(What is needed): Return the data below exactly, but only from the line containing "LANROON VF3502 bags" through the line containing "Kawaii Axolotl Pillow by ArtRoute02", with both of those lines included.

Source records
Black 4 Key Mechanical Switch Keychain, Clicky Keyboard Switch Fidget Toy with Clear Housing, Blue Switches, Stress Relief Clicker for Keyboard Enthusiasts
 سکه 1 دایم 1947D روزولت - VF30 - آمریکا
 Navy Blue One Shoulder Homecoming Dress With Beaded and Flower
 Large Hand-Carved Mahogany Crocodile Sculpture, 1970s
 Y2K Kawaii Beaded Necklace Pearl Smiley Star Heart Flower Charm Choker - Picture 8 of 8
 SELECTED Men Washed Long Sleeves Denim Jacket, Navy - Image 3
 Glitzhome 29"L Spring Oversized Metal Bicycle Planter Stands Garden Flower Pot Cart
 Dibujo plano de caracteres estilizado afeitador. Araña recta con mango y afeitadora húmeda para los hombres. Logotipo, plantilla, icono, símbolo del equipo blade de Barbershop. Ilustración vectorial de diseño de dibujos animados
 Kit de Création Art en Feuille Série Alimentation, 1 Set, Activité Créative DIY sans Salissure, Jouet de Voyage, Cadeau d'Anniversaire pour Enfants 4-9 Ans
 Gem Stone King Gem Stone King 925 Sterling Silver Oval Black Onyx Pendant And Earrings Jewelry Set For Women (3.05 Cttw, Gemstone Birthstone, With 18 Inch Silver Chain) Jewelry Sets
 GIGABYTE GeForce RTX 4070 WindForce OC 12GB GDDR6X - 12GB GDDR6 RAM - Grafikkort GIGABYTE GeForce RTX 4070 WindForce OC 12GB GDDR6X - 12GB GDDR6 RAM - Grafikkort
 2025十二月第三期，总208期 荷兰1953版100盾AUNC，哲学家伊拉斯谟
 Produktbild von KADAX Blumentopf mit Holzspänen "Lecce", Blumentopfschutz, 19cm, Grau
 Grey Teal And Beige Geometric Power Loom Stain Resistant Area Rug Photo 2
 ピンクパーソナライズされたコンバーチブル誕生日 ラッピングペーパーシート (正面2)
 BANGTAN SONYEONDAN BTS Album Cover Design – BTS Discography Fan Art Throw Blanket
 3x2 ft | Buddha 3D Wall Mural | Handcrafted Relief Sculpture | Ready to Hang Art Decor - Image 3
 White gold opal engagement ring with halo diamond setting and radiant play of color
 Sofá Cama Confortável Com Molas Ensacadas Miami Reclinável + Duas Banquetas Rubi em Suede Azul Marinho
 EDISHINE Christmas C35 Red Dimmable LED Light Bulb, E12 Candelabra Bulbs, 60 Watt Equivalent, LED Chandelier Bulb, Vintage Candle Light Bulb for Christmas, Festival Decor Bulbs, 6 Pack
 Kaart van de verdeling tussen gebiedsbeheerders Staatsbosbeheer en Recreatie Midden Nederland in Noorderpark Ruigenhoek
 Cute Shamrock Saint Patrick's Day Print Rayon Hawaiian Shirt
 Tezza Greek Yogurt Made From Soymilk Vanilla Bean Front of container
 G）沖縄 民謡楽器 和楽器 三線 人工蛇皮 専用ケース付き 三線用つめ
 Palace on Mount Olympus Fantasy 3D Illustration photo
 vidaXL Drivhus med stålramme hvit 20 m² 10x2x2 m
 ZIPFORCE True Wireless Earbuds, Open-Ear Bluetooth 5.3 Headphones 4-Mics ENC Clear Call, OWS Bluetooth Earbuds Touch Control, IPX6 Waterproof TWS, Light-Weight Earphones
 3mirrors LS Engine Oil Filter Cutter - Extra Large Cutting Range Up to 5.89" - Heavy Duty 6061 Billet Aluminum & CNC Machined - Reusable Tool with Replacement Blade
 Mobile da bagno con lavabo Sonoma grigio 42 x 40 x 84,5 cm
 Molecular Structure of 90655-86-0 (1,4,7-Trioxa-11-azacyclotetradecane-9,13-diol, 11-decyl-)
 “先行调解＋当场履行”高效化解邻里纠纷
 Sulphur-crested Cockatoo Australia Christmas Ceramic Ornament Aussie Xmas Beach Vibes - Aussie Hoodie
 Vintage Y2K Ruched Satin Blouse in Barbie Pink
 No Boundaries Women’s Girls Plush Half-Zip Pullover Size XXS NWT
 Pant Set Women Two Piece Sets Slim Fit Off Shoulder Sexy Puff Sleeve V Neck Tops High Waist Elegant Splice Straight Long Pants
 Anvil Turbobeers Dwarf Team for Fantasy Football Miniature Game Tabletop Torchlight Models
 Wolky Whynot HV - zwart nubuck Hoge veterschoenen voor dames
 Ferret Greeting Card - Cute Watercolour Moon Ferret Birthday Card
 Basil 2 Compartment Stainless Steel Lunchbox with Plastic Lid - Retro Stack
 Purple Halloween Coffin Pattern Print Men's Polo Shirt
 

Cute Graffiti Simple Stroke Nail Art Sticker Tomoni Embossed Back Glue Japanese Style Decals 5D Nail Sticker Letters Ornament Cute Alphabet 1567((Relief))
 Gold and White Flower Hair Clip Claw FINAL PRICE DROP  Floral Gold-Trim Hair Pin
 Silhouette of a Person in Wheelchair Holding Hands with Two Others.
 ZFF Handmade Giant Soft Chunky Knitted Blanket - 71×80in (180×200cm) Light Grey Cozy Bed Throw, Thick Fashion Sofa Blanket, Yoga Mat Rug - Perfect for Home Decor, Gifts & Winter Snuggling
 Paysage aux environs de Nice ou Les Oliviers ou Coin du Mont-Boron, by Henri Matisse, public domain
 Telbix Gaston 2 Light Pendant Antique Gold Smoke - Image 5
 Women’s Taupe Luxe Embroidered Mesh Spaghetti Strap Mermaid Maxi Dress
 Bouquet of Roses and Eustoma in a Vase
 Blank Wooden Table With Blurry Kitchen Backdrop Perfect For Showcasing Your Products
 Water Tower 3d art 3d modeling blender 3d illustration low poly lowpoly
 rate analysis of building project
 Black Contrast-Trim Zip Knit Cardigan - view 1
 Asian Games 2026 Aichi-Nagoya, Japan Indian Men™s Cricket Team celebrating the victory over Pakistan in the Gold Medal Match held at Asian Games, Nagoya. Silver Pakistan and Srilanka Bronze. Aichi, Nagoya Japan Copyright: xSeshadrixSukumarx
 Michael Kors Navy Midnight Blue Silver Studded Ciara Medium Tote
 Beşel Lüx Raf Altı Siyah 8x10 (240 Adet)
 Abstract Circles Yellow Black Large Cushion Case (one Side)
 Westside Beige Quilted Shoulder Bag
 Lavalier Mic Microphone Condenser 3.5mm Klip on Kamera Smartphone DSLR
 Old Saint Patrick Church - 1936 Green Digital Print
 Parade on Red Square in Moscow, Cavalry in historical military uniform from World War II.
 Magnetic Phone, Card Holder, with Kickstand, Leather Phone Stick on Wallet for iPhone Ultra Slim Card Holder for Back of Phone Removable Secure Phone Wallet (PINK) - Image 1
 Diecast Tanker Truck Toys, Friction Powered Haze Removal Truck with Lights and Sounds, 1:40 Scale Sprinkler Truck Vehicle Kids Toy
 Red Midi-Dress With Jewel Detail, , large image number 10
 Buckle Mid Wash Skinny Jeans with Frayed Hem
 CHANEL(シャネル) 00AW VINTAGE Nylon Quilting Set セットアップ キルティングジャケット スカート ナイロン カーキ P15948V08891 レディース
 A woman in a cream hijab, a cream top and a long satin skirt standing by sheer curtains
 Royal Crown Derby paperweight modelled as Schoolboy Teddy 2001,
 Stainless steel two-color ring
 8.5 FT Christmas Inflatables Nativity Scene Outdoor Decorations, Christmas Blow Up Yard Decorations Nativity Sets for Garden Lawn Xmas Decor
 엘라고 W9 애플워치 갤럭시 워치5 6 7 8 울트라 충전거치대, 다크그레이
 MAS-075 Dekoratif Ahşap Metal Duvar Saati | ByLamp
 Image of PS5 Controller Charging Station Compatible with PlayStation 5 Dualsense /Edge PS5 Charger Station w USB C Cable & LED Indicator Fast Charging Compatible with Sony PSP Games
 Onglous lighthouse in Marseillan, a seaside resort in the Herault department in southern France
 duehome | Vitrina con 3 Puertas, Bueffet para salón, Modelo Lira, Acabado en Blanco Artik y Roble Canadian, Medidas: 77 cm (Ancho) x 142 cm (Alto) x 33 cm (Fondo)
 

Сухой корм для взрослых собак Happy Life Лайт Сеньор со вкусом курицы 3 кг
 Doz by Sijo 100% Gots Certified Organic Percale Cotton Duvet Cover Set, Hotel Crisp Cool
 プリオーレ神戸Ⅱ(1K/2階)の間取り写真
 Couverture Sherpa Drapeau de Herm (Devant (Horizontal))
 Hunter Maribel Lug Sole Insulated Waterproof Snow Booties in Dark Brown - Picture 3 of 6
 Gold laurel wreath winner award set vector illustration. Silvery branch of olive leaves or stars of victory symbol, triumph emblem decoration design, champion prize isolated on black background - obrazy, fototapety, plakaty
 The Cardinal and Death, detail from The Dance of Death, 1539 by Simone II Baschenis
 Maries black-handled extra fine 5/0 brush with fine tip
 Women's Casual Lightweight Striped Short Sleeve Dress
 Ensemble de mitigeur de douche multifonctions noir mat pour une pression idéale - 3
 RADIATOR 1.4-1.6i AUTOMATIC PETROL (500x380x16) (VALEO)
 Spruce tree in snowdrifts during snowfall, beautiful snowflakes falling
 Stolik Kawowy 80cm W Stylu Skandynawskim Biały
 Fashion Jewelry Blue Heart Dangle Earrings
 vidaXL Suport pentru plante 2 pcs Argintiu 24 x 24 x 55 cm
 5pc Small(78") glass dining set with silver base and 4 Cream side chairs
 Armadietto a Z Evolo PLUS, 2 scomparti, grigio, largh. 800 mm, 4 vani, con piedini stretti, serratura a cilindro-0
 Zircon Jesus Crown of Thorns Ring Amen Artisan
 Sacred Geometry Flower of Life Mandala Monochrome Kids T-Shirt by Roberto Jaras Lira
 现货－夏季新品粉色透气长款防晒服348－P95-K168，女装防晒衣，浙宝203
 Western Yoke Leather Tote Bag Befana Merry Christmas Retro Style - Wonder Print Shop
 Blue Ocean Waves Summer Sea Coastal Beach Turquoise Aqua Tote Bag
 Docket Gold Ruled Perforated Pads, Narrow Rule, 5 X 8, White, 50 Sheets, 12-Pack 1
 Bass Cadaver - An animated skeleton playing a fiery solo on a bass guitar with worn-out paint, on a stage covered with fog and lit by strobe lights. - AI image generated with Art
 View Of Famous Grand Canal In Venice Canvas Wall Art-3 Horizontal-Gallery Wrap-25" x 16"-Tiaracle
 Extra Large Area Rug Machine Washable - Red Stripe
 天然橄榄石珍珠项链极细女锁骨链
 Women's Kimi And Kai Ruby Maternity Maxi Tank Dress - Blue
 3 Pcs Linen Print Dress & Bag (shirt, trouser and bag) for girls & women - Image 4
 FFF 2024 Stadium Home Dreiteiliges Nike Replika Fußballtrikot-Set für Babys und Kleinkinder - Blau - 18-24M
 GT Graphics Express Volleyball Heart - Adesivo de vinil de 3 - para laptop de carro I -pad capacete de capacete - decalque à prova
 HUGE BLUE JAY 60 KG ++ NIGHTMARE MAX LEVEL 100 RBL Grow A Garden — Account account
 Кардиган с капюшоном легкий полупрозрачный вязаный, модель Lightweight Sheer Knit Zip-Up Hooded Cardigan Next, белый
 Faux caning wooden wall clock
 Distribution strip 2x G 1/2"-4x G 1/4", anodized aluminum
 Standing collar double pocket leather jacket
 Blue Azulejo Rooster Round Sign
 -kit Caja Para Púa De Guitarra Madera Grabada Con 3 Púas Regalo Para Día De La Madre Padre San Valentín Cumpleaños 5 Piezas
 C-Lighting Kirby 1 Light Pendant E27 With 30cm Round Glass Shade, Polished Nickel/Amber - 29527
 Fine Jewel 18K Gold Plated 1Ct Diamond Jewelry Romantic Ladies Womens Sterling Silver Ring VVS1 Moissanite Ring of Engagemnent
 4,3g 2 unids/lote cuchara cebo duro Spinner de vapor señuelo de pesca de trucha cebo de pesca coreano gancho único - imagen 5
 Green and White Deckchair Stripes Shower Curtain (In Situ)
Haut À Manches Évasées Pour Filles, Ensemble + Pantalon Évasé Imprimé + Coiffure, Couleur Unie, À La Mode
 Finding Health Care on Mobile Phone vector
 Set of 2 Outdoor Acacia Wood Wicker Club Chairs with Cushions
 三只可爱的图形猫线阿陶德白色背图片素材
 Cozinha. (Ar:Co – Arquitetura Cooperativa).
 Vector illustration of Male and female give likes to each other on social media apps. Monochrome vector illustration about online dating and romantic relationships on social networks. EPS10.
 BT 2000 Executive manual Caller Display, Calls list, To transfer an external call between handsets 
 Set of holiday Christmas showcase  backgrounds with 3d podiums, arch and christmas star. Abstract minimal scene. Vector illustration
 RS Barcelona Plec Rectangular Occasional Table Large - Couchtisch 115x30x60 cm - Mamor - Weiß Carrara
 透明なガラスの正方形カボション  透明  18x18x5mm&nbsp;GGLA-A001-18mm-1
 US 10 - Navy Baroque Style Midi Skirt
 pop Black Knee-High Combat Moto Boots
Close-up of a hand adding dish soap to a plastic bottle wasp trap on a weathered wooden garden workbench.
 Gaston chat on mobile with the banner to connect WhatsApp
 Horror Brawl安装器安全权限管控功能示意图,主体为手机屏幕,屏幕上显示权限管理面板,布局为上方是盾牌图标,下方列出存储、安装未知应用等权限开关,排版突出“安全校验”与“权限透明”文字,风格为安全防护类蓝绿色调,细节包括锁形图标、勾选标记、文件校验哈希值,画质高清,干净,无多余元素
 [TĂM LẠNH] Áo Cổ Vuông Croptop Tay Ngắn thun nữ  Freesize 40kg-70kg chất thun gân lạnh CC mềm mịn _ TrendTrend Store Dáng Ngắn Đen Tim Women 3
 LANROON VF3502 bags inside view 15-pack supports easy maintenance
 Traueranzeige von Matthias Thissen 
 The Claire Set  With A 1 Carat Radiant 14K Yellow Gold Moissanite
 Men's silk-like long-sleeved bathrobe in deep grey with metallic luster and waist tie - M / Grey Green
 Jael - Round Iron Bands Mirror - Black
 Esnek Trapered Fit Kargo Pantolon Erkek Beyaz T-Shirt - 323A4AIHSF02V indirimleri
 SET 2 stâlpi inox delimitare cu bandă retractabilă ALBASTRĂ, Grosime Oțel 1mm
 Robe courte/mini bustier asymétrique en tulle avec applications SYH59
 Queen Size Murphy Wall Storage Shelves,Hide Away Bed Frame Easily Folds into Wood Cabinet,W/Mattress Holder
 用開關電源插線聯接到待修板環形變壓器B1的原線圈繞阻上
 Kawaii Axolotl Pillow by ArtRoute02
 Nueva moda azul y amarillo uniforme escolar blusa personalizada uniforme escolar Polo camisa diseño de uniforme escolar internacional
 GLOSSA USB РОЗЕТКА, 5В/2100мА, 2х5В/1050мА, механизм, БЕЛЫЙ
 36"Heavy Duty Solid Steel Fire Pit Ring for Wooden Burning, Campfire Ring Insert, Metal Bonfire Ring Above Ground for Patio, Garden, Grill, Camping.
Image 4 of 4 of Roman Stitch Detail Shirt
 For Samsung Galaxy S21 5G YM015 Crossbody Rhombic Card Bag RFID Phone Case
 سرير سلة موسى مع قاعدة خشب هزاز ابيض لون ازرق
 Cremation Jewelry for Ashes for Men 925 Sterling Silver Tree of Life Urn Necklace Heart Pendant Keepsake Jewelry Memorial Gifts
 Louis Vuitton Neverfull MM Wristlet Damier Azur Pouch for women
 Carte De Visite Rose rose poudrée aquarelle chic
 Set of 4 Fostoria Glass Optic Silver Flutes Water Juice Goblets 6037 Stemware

(Solution for this problem):
 LANROON VF3502 bags inside view 15-pack supports easy maintenance
 Traueranzeige von Matthias Thissen 
 The Claire Set  With A 1 Carat Radiant 14K Yellow Gold Moissanite
 Men's silk-like long-sleeved bathrobe in deep grey with metallic luster and waist tie - M / Grey Green
 Jael - Round Iron Bands Mirror - Black
 Esnek Trapered Fit Kargo Pantolon Erkek Beyaz T-Shirt - 323A4AIHSF02V indirimleri
 SET 2 stâlpi inox delimitare cu bandă retractabilă ALBASTRĂ, Grosime Oțel 1mm
 Robe courte/mini bustier asymétrique en tulle avec applications SYH59
 Queen Size Murphy Wall Storage Shelves,Hide Away Bed Frame Easily Folds into Wood Cabinet,W/Mattress Holder
 用開關電源插線聯接到待修板環形變壓器B1的原線圈繞阻上
 Kawaii Axolotl Pillow by ArtRoute02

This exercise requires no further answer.